Kanhar says his life changed when he met the original Superfan, Sudhir, at an ODI. "The idea (of painting himself) came from Sudhir bhai. I always wanted to watch all of India's cricket matches from the stands, and I thought of painting myself in the tricolour, like Sudhir."
In 2014, Kanhar made his first appearance in paint and two years later, his eight-year dream of meeting Kohli in flesh came true.
"I went to watch the India-England Test match in Mohali in 2016. I had mortgaged my mother's jewellery to get the flight and match tickets. It was winter, but feeling cold was the last thing on my mind. That's when some newspaper journalists wrote about me."
Kohli read the report – or was informed about such a report – and met him the next day. "He met me with a lot of warmth. He told me that being a fan is fine but I should never do that (mortgage family jewels) for him.

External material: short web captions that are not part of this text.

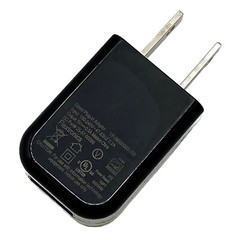 US Plug USB Power Supply Adapter Converter Charger AC 100-240V 0.5A DC 5V 500mA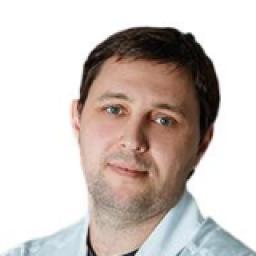 Амяга Алексей Витальевич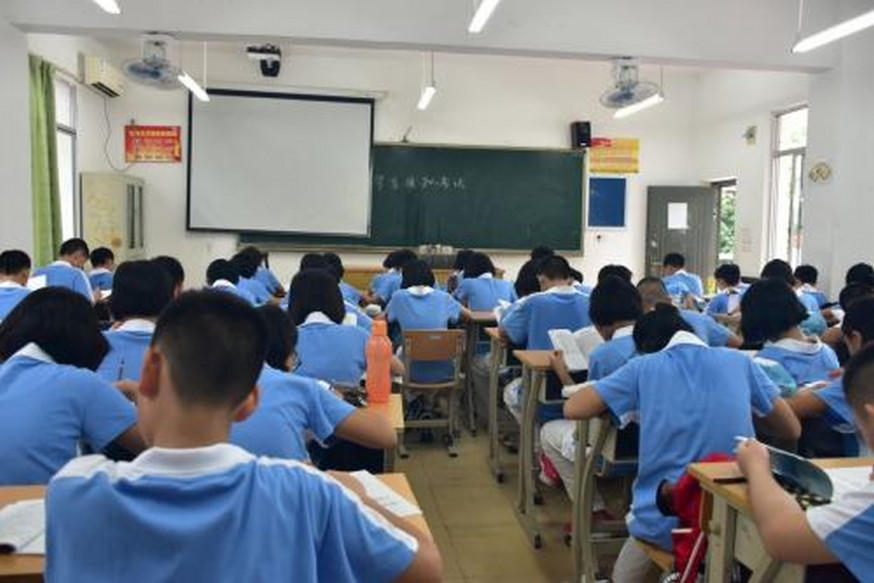 示意圖,非事發地。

He asked me how much money I needed to pay to get the jewellery back, but I didn't disclose that. I told him I don't want money. I said if he can, I would like to have match tickets of all of India's matches at home."
Kohli agreed without second thoughts, and thus began Kanhar's journey in greasepaint. He is also a regular at Odisha's Ranji Trophy matches, which he attends in a Virat jersey. Kanhar doesn't have a permanent job. He stays with his father, who runs a mutton shop, and an elder brother. His current stint as an over-the-counter ticket-seller at the Phulbani bus stop gets him Rs 250-300 per day.
"I go to work when I don't travel for India's matches. I have been to all the major grounds in India. At my workplace, they call me Virat. The moment they see me, they shout Virat idhar aa and stuff."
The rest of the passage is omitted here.